Midterm elections are rapidly approaching, and political wars are raging in the form of TV ads and campaign fundraising all over the country for House, Senate, and gubernatorial seats.
According to Campaign Media Analysis Group, a division of TNS Media Intelligence Co., which recently released its report on political ad spend for 2006, pols are spending 150% more than in 2002, possibly in hopes of swaying the emotional vote.
According to BBC News, former VP Al Gore recently told a crowd at the Edinburgh TV Festival that "the average American watches television for four hours and 39 minutes a day," adding, "That's why candidates spend 80% of their money on advertising campaigns."
Why does it matter?
"Campaign advertising spending is qualitatively and quantitatively different than other marketing spending," says Chad McGinnis, SVP at Blue Worldwide. "A candidate running for office is going to have to have more weight behind his message than advertising for a consumer product."
McGinnis says the scope of the campaign plays a huge part in what effect advertising has on the outcome - meaning that paid advertising is not as important in a presidential race where candidates are getting a lot of news coverage and plays a bigger role in smaller congressional races. "If you are a local candidate, you can't rely as much on earned media," he adds. "The fundamental truth in campaigns is that you won't vote for somebody whose name you do not recognize."
1 From January 1 to August 13, 2006, $311 million was spent on local TV ads by candidates, political parties, and interest groups for House, Senate, and gubernatorial campaigns.
2 Many candidates like Senatorial candidate Ned Lamont (D-CT) have taken to uploading their TV spots and exclusive videos to free video-sharing Web site YouTube, where young viewers are likely to see and comment on them.
3 An August 27 Wall Street Journal article reported that $200 million will be spent on cable advertising for political campaigns this year, indicative of a trend toward devoting more budget to mediums other than network television.

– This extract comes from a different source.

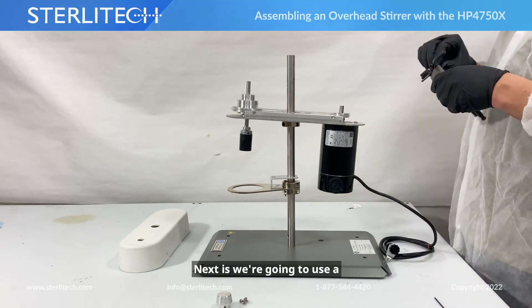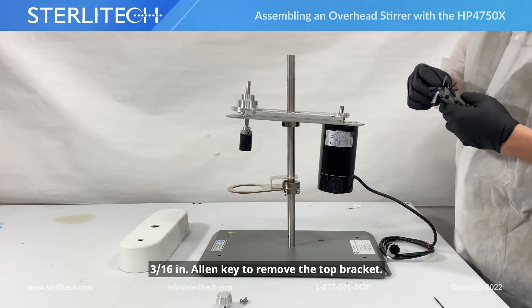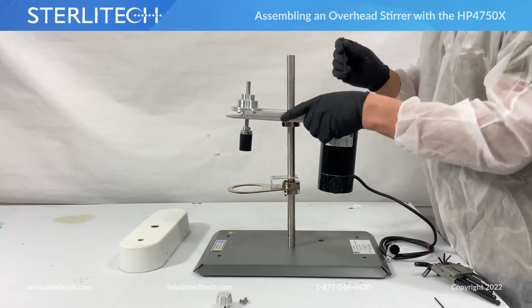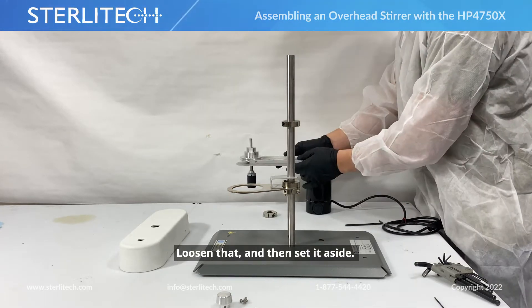Next we're going to use a 3/16" allen key to remove the top bracket that is in here. Loosen that and set it to the side.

4 MoveOn.org continues to draw fire for its political advertising. Rep. John Sweeney (R-NY) has voiced his disapproval of a recent MoveOn.org ad (above) that suggests Sweeney misused billions of dollars in Iraq.
5 Elaine Christoph, SVP at McCann Erickson WorldGroup's LCI, told Medialifemagazine.com that she expected political advertising television campaigns to be big in New Orleans this fall.